Here we create a Unicode string literal, encode it with our codec, and write it out to disk (lines 9-13). Next, we read the data back in from the file, decode it, and display it to the screen, suppressing the print statement's NEWLINE because we are using the one saved with the string (lines 15-19).

Example 6.2. Simple Unicode String Example (`uniFile.py`)

This simple script writes a Unicode string to disk and reads it back in for display. It encodes it into UTF-8 for writing to disk, which it must then decode in to display it.

1  #!/usr/bin/env python 2  ''' 3  An example of reading and writing Unicode strings: Writes 4  a Unicode string to a file in utf-8 and reads it back in. 5  ''' 6  CODEC = 'utf-8' 7  FILE = 'unicode.txt' 8 9  hello_out = u"Hello world\n" 10 bytes_out = hello_out.encode(CODEC) 11 f = open(FILE, "w") 12 f.write(bytes_out) 13 f.close() 14 15 f = open(FILE, "r") 16 bytes_in = f.read() 17 f.close() 18 hello_in = bytes_in.decode(CODEC) 19 print hello_in,

When we run the program we get the following output:

$ unicode_example.py Hello World

We also find a file called unicode.txt on the file system that contains the same string the program printed out.
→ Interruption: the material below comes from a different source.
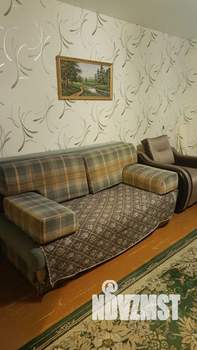 1-к квартира, на длительный срок, 60м2, 1/10 этаж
$ cat unicode.txt Hello World!

Simple Web Example

We show a similar and simple example of using Unicode with CGI in the Web Programming chapter (Chapter 20).

6.8.6. Using Unicode in Real Life

Examples like this make it look deceptively easy to handle Unicode in your code, and it is pretty easy, as long as you follow these simple rules:

Always prefix your string literals with u.
Never use str()... always use unicode() instead.
Never use the outdated string moduleit blows up when you pass it any non-ASCII characters.
Avoid unnecessary encoding and decode of Unicode strings in your program. Only call the encode() method right before you write your text to a file, database, or the network, and only call the decode() method when you are reading it back in.

These rules will prevent 90 percent of the bugs that can occur when handling Unicode text. The problem is that the other 10 percent of the bugs are beyond your control. The greatest strength of Python is the huge library of modules that exist for it. They allow Python programmers to write a program in ten lines of code that might require a hundred lines of code in another language. But the quality of Unicode support within these modules varies widely from module to module.

Most of the modules in the standard Python library are Unicode compliant. The biggest exception is the pickle module. Pickling only works with ASCII strings. If you pass it a Unicode string to unpickle, it will raise an exception. You have to convert your string to ASCII first. It is best to avoid using text-based pickles. Fortunately, the binary format is now the default and it is better to stick with it. This is especially true if you are storing your pickles in a database. It is much better to save them as a BLOB than to save them as a TEXT or VARCHAR field and then have your pickles get corrupted when someone changes your column type to Unicode.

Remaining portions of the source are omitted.